A legislação civil estabelece normas interessantes acerca da proteção dos bens dos menores de idade, bem como regulamenta o exercício da administração desses bens pelos genitores.

14/8/2020

Nos termos do artigo 1.689 do Código Civil, compete aos pais, em conjunto, representarem e assistirem a seus filhos enquanto forem menores e não emancipados, bem como administrar seu patrimônio. São qualificados como administradores (poderes de gestão) e usufrutuários legais (no sentido de usar, possuir, fruir, receber os frutos).

Pelo fato de os menores de idade serem juridicamente incapazes, por conseguinte, não estando aptos à prática dos atos da vida civil, seus genitores têm o dever legal de administrar todos os bens que eventualmente possuam, bens móveis ou imóveis.

Essa obrigação cessará quando da extinção da autoridade parental e consequente obtenção da plena capacidade civil pelos filhos, aos dezoito anos de idade.

Há, no entanto, uma graduação da regra, pois, sobrevindo a incapacidade relativa, aos dezesseis anos de idade, a vontade do menor passa a ter relevância. Desse modo, entre os 16 e 18 anos de idade, qualquer ato de administração deverá ser decidido, de comum acordo, entre pais e filhos.

Trata-se, repita-se, de um dever, de uma imposição legal, logo, não é uma faculdade. Sendo assim, o seu exercício não prescinde de autorização judicial nem de qualquer outra formalidade. Consiste, outrossim, em uma obrigação irrenunciável e intransferível e não há nenhuma previsão legal de remuneração para o exercício dessa função.

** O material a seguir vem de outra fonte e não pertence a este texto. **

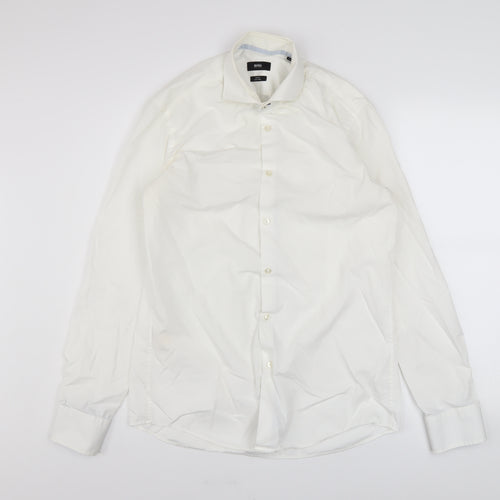 BOSS Hugo Boss Men's White Slim Fit Easy Iron Long Sleeve Shirt 15.5in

Importa destacar, ainda, que pai e mãe são coadministradores dos bens, ou seja, ambos têm igual poder decisório na gestão do patrimônio. E, nessa gestão, caberá aos administradores pagar os impostos e encargos que recaírem sobre os bens, contratar seguros, firmar contratos de locação, bem como defender judicialmente o patrimônio administrado.

Ademais, têm permissão para utilizar os rendimentos provenientes desses bens (percepção de frutos), revertendo os recursos em prol dos menores e da entidade familiar, como, por exemplo, satisfazendo as despesas com sustento, educação e outras inerentes à saúde e ao lazer. 

São responsáveis, então, por preservar o patrimônio de modo a não o onerarem nem o diminuírem, não extrapolando os limites da mera administração patrimonial.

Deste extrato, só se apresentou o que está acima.